Carlos wurde nächstens zehn Jahre. Sie waren in ihrem Unterricht so weit, daß sie in die erste Klasse des Gymnasiums eintreten konnten, und es war dafür eine kleine Stadt irgendwo in Deutschland bestimmt worden.
Nach Europa! jauchzten Carlos und Nicolás, das war endlich einmal eine weite Reise. Übers Meer reiste man, wo die Wellen wie Berge waren. Man sah Walfische und Haifische. Man erlebte vielleicht auch Schiffbruch, man strandete auf einer einsamen Insel und nährte sich von Gräsern und Kräutern, bis die Vorräte des Wracks ans Land geschafft waren. Dann kam ein Schiff vorbei, Carlos und Nicolás würden die Hemden ausziehen und damit winken, und dann würden sie endlich nach Europa kommen und eine herrliche Robinsongeschichte erlebt haben.
In Europa aber versank man bis zum Hals in den Schnee, wenn man auf den Straßen ging. Das erschien ihnen lustig. Dann waren auch dort die großen Schlittenfahrten. Sechs Pferde waren vor die Schlitten gespannt, und in Karriere ging es über Berge und Täler und durch den Wald. Oft verfolgten sie Wölfe.
In der Schule war es schön. Man ging mit einem Tornister auf dem Rücken dahin, und um zehn Uhr war Picknick, das mußte man sich von zu Hause mitnehmen.
Die Schule fand in einem großen Saale statt, darin wimmelte es von Schülern. Der Lehrer sprach mit lauter Stimme, alle lauschten, und jeder wollte der Beste sein. Wenn man so allein zu zweit im Hause Schule hatte, war man lange nicht so ehrgeizig.
So war es in Europa!
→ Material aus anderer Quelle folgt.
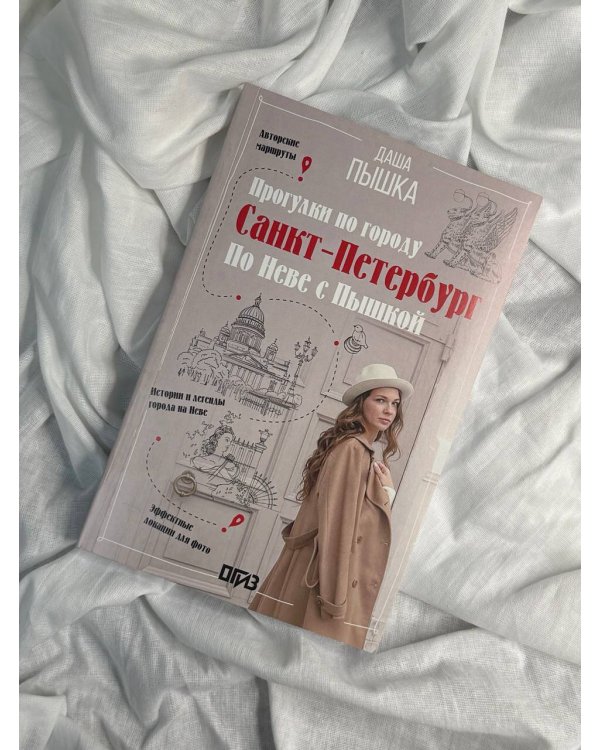 Санкт-Петербург. Прогулки по городу. По Неве с Пышкой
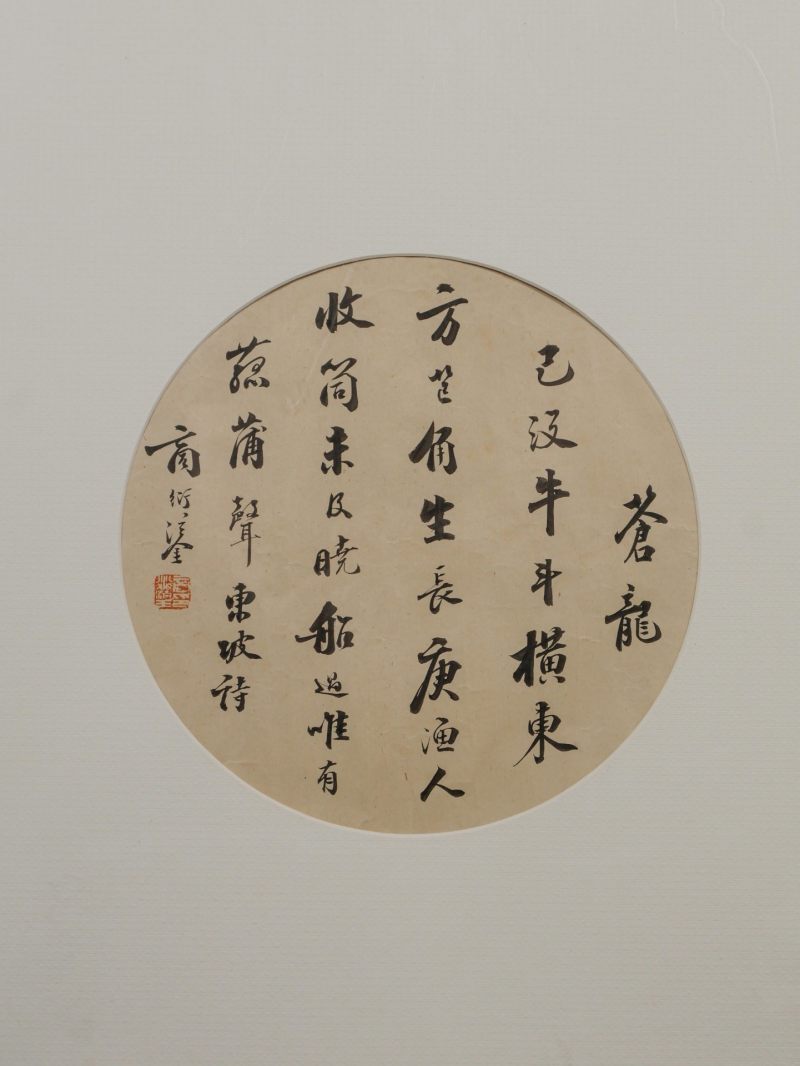  商衍鎏 （1875-1963）  清 书法 - 图3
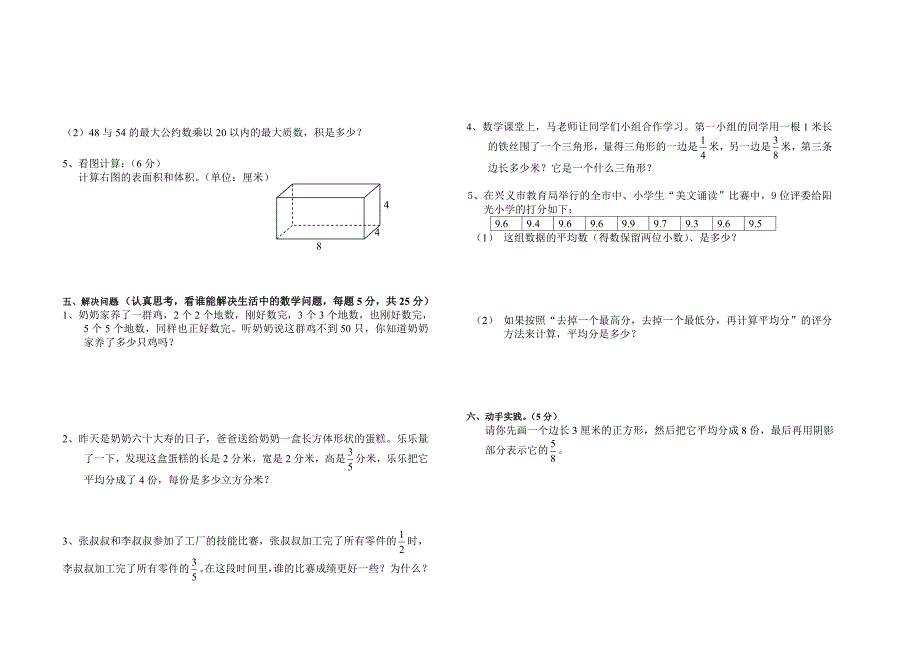 新人教版五年级数学下册期末测试试卷及答案_第2页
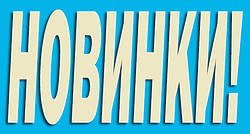 Нові товари на Хозторг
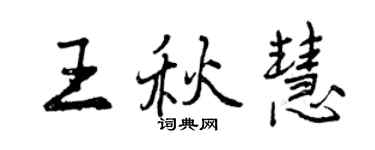 曾慶福王秋慧行書個性簽名怎么寫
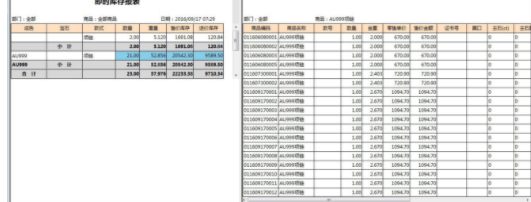 金猪管家专业珠宝销售管理软件官方版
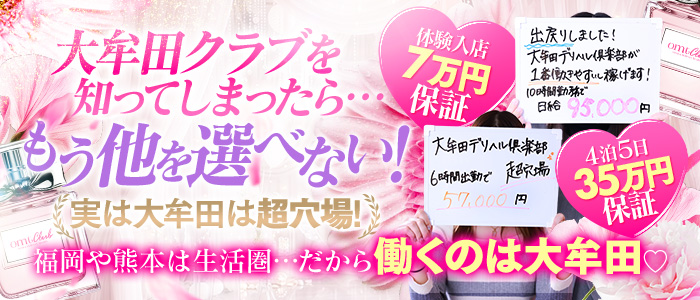 大牟田デリヘル倶楽部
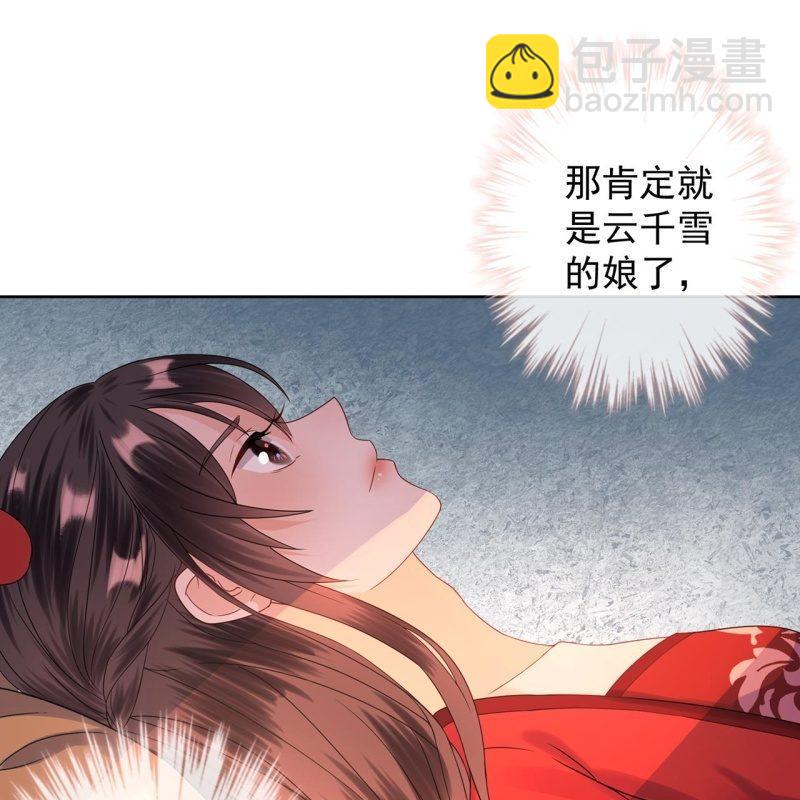 《傲娇王爷太难追》第25话身世凄惨 第43页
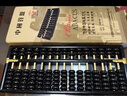 紅旭文具 興源大號15檔7珠老式紅框木珠金屬件包角算盤(pán)十七行七珠實(shí)木學(xué)生財務(wù)十九檔練習大算盤(pán) 13檔/7珠-黑色（尺寸37.5x17cm） 曬單實(shí)拍圖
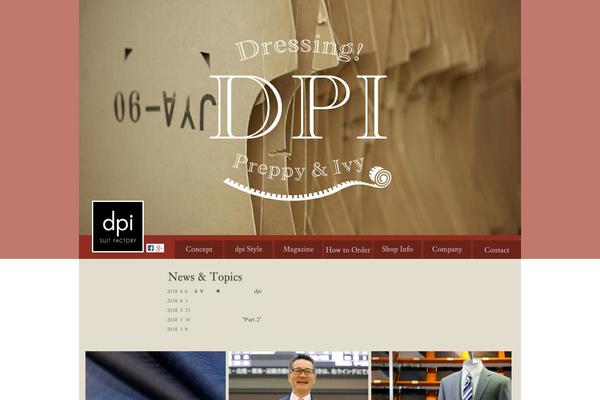 Dpi theme site design template sample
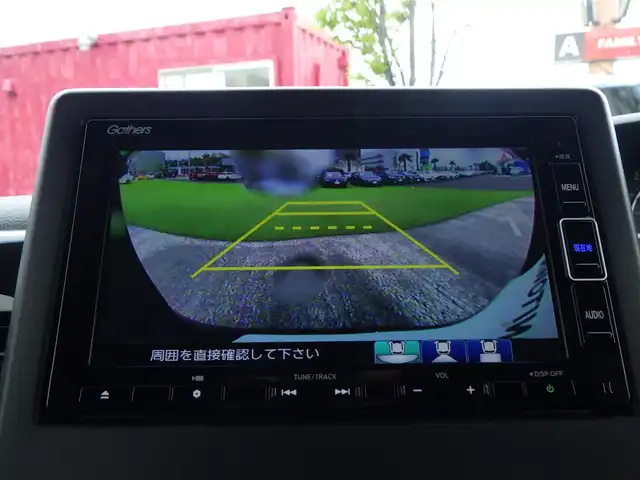 ホンダ Ｎ ＢＯＸ カスタム L ターボ 千葉県 2022(令4)年 0.9万km クリスタルブラックパール ホンダセンシング/・衝突軽減ブレーキ（CMBS）/・車線維持支援システム（LKAS）/・アダプティブクルーズコントロール（ACC）/・後方誤発進抑制機能/・誤発進抑制機能/両側パワースライドドア/純正メモリーナビ/地デジTV/【DVD/CD再生機能　Bluetooth接続】/バックカメラ/ドライブレコーダー（前後撮影）/ハーフレザーシート/前席シートヒーター/革巻きステアリング/ステアリングスイッチ/パドルシフト/ETC/LEDヘッドライト/フォグライト/ウインカーミラー/純正15インチアルミホイル/サイド/カーテンエアバッグ/スマートキー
Carlos und Nicolás wußten es, obgleich Herr Dr. Bürstenfeger es nur zum Teil so dargestellt hatte. —
Heute aber saßen sie noch in Buenos Aires im Spielzimmer und stellten eine Liste auf von den Knaben und Mädchen, die sie für übermorgen einladen wollten, zu Carlos’ Geburtstag.
Carlos wollte, daß auch sein bester Freund dabei sein sollte, ein Junge in seinem Alter, der auf einem lahmen Schimmel ritt mit einem Schafspelz als Sattel, und dessen Vater Knecht bei den Schlächtereien in Barracas war.
Herr Dr. Bürstenfeger aber fand es durchaus nicht statthaft, und so verließen denn die drei das Haus, ohne daß Carlos’ Wunsch willfahrt worden wäre, um die Einladungen zu besorgen.